From: Andrew Morton (andrewm@uow.edu.au)
Date: Sat Jul 08 2000 - 22:24:43 EST


Juhana Sadeharju wrote:
>
> >From: Andrew Morton <andrewm@uow.edu.au>
> >
> >doing silly things, the scheduling latency is reliably 4 milliseconds on
> >a 500MHz machine. Very occasionally reaches 7 millisecs. It has been
>
> Lets talk about 7 ms latency only -- 4 ms is useless information in audio
> software which has to be 101% reliable. That is poor compared to earlier
> results 2.5 ms. Or can audio input-output latency between A/D & D/A be
> somehow less than 7 ms?

If I recall correctly, the 7msecs was due to starting the X server, and
to switching consoles.

I'll do some more tests, but the point I'm trying to get across is this:

It's no good testing it with my workload! It has to be tested with
yours. So please, get down and get testing. There isn't a lot of time.

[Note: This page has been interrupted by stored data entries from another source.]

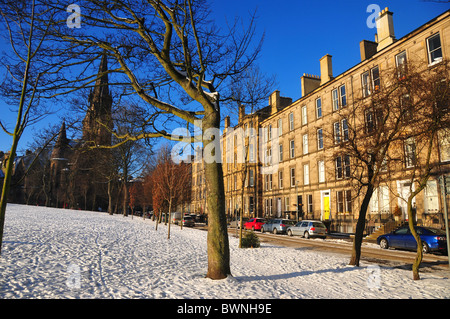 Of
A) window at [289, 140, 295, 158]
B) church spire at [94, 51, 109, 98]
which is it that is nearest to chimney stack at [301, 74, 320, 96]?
window at [289, 140, 295, 158]

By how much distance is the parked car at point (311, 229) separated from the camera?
25467 mm

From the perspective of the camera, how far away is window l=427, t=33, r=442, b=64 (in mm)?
22864

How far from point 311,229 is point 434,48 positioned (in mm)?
17289

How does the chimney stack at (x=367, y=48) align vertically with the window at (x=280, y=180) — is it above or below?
above

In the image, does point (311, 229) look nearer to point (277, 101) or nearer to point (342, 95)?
point (342, 95)

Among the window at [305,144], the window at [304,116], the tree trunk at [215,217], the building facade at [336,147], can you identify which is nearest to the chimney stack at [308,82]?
the building facade at [336,147]

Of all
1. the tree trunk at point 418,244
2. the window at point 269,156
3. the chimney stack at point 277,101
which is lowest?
the tree trunk at point 418,244

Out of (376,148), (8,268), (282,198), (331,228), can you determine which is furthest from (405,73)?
(282,198)

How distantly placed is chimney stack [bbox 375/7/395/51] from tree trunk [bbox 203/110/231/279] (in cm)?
2743

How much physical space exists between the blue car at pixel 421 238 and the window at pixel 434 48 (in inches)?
541

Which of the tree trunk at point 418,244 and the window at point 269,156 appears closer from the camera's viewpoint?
the tree trunk at point 418,244

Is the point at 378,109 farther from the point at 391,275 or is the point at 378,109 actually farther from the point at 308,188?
the point at 308,188

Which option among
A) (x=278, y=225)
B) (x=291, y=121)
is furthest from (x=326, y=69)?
(x=278, y=225)

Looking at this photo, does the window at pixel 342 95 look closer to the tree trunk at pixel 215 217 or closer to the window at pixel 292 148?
the window at pixel 292 148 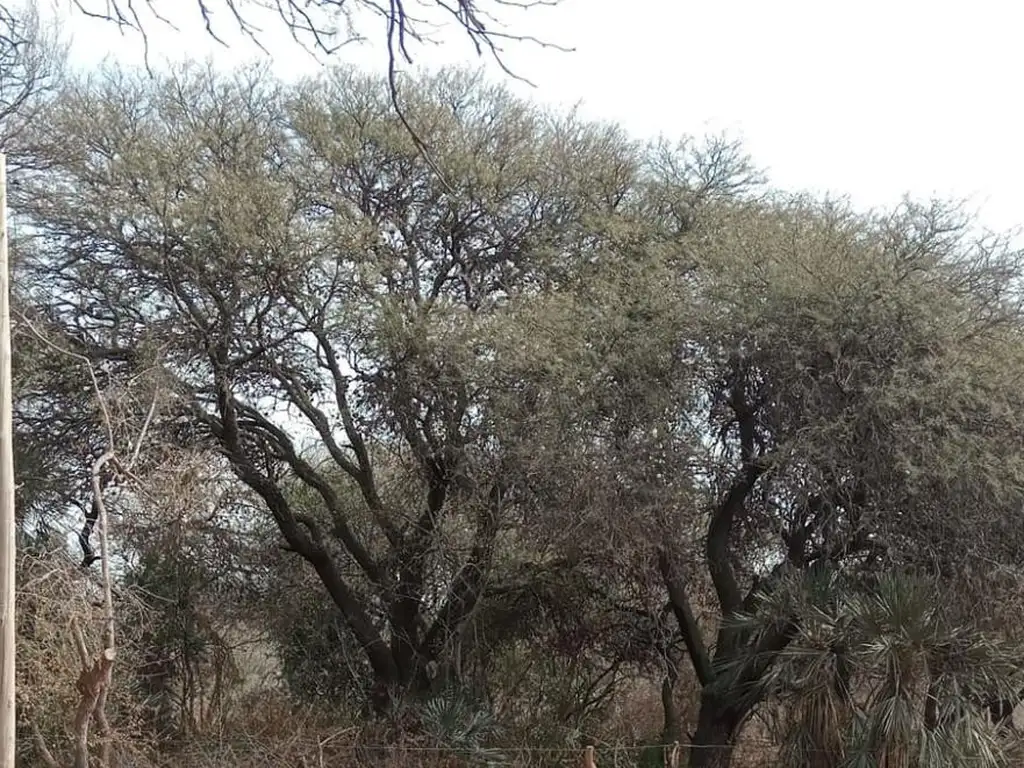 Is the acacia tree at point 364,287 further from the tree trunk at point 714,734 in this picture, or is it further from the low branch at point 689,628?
the tree trunk at point 714,734

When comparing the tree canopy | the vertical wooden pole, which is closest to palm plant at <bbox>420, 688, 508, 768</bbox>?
the tree canopy

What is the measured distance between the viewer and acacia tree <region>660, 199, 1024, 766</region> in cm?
1058

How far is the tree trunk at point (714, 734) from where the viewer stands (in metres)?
11.9

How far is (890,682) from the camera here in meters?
9.74

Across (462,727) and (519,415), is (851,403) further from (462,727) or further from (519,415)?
(462,727)

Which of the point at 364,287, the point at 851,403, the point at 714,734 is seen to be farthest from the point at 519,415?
the point at 714,734

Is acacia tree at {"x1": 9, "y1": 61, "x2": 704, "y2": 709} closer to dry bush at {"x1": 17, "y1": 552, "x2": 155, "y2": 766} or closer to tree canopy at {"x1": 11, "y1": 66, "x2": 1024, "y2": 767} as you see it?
tree canopy at {"x1": 11, "y1": 66, "x2": 1024, "y2": 767}

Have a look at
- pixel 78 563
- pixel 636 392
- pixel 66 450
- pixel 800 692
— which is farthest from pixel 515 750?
pixel 66 450

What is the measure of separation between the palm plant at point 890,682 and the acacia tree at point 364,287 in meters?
2.59

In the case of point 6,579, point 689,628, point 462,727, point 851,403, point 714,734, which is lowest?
point 714,734

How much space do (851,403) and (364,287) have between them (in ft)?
16.5

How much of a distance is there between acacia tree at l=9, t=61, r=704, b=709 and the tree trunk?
89.6 inches

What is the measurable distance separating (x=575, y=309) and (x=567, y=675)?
466 cm

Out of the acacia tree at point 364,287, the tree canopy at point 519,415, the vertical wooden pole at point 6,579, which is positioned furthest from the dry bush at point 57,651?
the vertical wooden pole at point 6,579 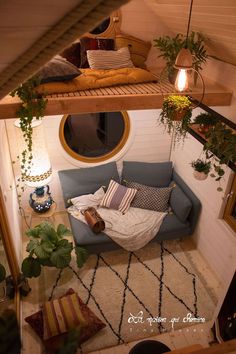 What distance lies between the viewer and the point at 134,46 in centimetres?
337

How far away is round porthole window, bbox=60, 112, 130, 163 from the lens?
422 centimetres

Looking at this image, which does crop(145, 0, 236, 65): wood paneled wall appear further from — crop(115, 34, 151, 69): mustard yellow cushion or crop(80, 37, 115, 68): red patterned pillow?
crop(80, 37, 115, 68): red patterned pillow

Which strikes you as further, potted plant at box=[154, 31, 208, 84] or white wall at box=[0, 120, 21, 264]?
white wall at box=[0, 120, 21, 264]

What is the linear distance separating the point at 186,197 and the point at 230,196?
2.57 ft

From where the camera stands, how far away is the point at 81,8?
437mm

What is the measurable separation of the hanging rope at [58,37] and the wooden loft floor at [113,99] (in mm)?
1883

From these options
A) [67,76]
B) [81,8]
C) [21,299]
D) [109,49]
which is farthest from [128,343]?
[109,49]

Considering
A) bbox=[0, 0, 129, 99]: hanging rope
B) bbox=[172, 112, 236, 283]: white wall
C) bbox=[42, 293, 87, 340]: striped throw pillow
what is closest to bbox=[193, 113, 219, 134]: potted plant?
bbox=[172, 112, 236, 283]: white wall

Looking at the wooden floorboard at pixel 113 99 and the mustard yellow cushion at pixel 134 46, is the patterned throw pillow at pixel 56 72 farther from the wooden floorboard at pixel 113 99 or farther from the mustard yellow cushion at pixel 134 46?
the mustard yellow cushion at pixel 134 46

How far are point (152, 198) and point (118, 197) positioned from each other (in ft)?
1.63

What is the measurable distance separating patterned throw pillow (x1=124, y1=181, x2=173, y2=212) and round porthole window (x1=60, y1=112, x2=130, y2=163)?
0.81 metres

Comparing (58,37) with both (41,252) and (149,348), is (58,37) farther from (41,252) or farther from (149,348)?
(41,252)

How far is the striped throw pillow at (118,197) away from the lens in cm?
394

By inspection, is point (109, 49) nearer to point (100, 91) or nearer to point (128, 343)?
point (100, 91) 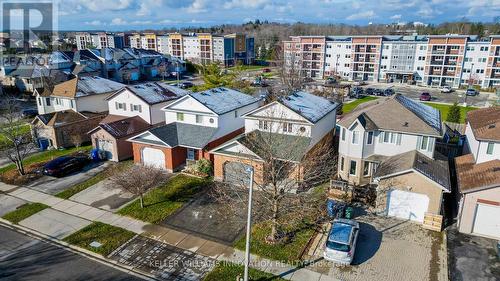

> >Here's the current DDT list:
> >
> >- Don't delete huge files (100 megs). There's a hungry
> > loop in zap_page_range which has no clear-and-easy fix.
> > There _was_ a fix in Ingo's patch, but additional 2.4
> > threading has made that unviable.
>
> That is quite important to get fixed. Only perfectionist such as me
> would reuse files without deleting them in an audio software. The files
> can be very large and very temporary.

This problem (deleting large files) is quite illustrative.

In kernel 2.2, this code path was a globally locked monolith, and Ingo's
conditional_reschedule() fitted in quite nicely.

In kernel 2.4, much finer SMP granularity has been introduced, so these
code paths are now bristling with spinlocks. Consequently the 2.2
reschedule would deadlock in 2.4. One approach would be to open the
locks, reschedule and close them again at select points. That's
downright scary, and definitely on the wrong side of the dividing line
which (I hope) we have agreed upon here.